Search code examples
python-3.xpandasloopsnamingfuzzywuzzy

Dynamically generating an object's name in a panda column using a for loop (fuzzywuzzy)


Low-level python skills here (learned programming with SAS).

I am trying to apply a series of fuzzy string matching (fuzzywuzzy lib) formulas on pairs of strings, stored in a base dataframe. Now I'm conflicted about the way to go about it.

Should I write a loop that creates a specific dataframe for each formula and then append all these sub-dataframes in a single one? The trouble with this approach seems to be that, since I cannot dynamically name the sub-dataframe, the resulting value gets overwritten at each turn of the loop.

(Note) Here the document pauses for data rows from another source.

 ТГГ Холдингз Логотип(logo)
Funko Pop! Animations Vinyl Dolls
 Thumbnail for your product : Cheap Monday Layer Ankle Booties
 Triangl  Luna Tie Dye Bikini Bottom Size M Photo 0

Or should I create one dataframe in a single loop, taking my formulas names and expression as a dict? The trouble here gives me the same problem as above.

Here is my formulas dict:

# ratios dict: all ratios names and functions
ratios = {"ratio": fuzz.ratio, 
          "partial ratio": fuzz.partial_ratio, 
          "token sort ratio": fuzz.token_sort_ratio, 
          "partial token sort ratio": fuzz.partial_token_sort_ratio,
          "token set ratio": fuzz.token_set_ratio,
          "partial token set ratio": fuzz.partial_token_set_ratio
          }

And here is the loop I am currently sweating over:

# for loop iterating over ratios
for r, rn in ratios.items():

    # fuzzing function definition
    def do_the_fuzz(row):
        return rn(row[base_column], row[target_column])

    # new base df containing ratio data and calculations for current loop turn
    df_out1 = pd.DataFrame(data = df_out, columns = [base_column, target_column, 'mesure', 'valeur', 'drop'])
    df_out1['mesure'] = r
    df_out1['valeur'] = df_out.apply(do_the_fuzz, axis = 1)

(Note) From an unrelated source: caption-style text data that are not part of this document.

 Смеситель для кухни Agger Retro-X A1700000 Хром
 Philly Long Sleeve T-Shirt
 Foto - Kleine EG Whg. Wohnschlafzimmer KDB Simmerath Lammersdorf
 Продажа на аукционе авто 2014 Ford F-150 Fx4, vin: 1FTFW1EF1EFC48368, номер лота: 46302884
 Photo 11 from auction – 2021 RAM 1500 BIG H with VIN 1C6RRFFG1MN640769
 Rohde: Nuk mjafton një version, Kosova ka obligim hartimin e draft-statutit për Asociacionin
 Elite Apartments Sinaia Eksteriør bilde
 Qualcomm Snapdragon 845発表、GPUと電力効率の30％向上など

It gives me the same problem, namely that the 'mesure' column gets overwritten, and I end up with a column full of the last value (here: 'partial token set').

My overall problem is that I cannot understand if and how I can dynamically name dataframes, columns or values in a python loop (or if I'm even supposed to do it).

I've been trying to come up with a solution myself for too long and I just can't figure it out. Any insight would be very much appreciated! Many thanks in advance!


Solution

  • I would create a dataframe that is updated at each loop iteration:

    final_df = pd.DataFrame()
    for r, rn in ratios.items():
        ...
        df_out1 = pd.DataFrame(data = df_out, columns = [base_column, target_column, 'mesure', 'valeur', 'drop'])
        df_out1['mesure'] = r
        df_out1['valeur'] = df_out.apply(do_the_fuzz, axis = 1)
    
        final_df = pd.concat([final_dfl, df_out1], axis=0)
    

    I hope this can help you.